OFFERING EDUCATION & RESOURCES
Madeleine notes that CVH’s relationships with manufacturer representatives are valuable when it comes to providing employee education. “A representative who does his or her job well is always willing to help. When we need education about specific topics or products, these representatives provide this information to our team.”
CVH also provides ongoing training for personnel, with parasite preventive protocols discussed on a regular basis.
For both hospital personnel and clients, Madeleine ensures that there are plenty of handouts—often provided by manufacturers for specific products—and printed materials available in the waiting and examination rooms that can be shared, discussed, and sent home with clients for further review.
The CVH website also offers several resources that help promote wellness care, including parasite prevention:
- A Topic of the Month page provides information on a specific health topic and special incentive pricing for products or services related to it; parasite prevention is addressed at least twice a year.
- Petly accounts (petly.com; private website that allows pet owners to directly access and manage their pets’ health care) allow clients to request appointments, check wellness history, and order prescription refills.
- Links to further information on topics of interest for pet owners are available.
The existence of these resources is highlighted on the hospital’s Facebook page and monthly client newsletter.
Madeleine’s thoughts on implementing a successful and effective parasite prevention program made it obvious that a process of simple steps can result in big changes.
- Define each team member’s role in helping pet owners make the right decisions about parasite prevention for their pets.
- Have honest conversations with clients about what does or does not work with regard to their pets’ parasite prevention.
- Integrate parasite testing and prevention into wellness visits, reinforcing its importance as a key to having a healthy pet.
- Develop a preventive program that works for each person and pet, which increases compliance and decreases the possibility a client will purchase products elsewhere.
- Become THE source for client questions on pet health care—pet owners should come to you and your clinic for advice rather than relying on dubious Internet information.
“Our hospital is dedicated to providing the highest quality of care for our patients,” Madeleine says. “By making sure our employees share that vision, our clients are offered a full range of options for their pets’ health care, and the hospital team works with clients to implement best care in light of each individual’s situation.”
THE POWER OF 12 AT CVH
Last year, 12.12.12 became the mantra for an initiative focused on increasing, by 12%, the number of year-round (12-month) doses of heartworm preventive sold in 2012.
Madeleine shared how the program impacted CVH: “12.12.12 reminded our team that we really should be encouraging clients to buy 12 months of preventive at a time.
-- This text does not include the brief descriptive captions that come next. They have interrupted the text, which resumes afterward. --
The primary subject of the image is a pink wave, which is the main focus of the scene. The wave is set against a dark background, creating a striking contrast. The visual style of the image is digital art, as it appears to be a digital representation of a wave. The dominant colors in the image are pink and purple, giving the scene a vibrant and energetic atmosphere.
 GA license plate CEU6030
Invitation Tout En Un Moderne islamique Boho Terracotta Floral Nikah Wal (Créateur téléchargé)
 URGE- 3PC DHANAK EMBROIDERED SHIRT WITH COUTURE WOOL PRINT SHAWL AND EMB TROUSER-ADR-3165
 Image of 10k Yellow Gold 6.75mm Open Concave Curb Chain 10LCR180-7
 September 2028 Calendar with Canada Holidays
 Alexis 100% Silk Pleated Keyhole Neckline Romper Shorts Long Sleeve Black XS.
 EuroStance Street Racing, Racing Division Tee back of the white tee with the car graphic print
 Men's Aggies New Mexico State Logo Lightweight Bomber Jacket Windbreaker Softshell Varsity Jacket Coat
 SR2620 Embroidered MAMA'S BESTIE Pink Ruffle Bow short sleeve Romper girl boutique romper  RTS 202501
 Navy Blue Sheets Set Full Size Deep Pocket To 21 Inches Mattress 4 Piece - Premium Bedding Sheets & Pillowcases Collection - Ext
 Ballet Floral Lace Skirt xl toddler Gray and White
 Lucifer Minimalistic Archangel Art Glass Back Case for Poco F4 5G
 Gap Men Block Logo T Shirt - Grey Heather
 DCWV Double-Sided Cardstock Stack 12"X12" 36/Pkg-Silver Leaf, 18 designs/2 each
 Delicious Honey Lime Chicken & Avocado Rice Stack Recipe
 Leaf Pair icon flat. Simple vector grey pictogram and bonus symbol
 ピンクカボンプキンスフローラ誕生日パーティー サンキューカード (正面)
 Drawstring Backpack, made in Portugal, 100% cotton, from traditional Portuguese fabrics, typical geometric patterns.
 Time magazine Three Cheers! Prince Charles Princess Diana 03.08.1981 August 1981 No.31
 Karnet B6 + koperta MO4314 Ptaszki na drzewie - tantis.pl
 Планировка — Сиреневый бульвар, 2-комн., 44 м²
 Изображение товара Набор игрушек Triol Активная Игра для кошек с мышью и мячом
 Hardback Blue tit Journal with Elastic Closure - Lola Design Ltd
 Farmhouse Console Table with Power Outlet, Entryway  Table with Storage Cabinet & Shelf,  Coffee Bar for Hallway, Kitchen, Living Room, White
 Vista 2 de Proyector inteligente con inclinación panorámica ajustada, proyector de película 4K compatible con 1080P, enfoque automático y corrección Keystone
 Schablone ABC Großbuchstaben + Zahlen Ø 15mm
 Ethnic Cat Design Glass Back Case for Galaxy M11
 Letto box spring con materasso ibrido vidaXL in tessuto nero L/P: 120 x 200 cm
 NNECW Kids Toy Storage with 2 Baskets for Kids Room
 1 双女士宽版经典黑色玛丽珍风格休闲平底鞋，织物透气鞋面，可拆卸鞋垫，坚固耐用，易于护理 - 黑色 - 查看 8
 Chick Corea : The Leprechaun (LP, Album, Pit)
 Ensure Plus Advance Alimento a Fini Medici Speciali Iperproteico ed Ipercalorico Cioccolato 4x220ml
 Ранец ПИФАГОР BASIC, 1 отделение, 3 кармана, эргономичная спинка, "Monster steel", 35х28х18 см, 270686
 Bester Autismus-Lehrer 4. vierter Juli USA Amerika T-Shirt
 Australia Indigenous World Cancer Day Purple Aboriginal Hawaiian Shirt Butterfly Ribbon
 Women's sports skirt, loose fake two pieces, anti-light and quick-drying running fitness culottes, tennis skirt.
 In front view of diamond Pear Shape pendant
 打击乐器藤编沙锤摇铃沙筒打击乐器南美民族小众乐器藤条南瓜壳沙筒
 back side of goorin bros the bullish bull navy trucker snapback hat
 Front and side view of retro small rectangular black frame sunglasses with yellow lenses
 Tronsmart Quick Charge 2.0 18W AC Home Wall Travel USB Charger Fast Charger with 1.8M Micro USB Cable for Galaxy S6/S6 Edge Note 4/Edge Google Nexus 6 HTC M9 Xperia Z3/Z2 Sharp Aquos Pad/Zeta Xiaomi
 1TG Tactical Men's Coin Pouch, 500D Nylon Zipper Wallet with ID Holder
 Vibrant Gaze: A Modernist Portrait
This recommendation was backed up by the great rebates offered by Merial—it was an incentive clients couldn’t pass up.”
She added, “Clients didn’t always understand that year-round prevention is needed in our area. 12.12.12 helped educate our employees on this topic, which allowed them to educate our clients. The program’s measurement system showed that our sales of 12-dose heartworm preventive products increased.”
“The best part was finding out that the hospital was above average when compared to national statistics with regard to percentage of clients purchasing year-round prevention. I really gained a new appreciation for our team, knowing our patients were reaping the benefits of a job well done by everyone at CVH.”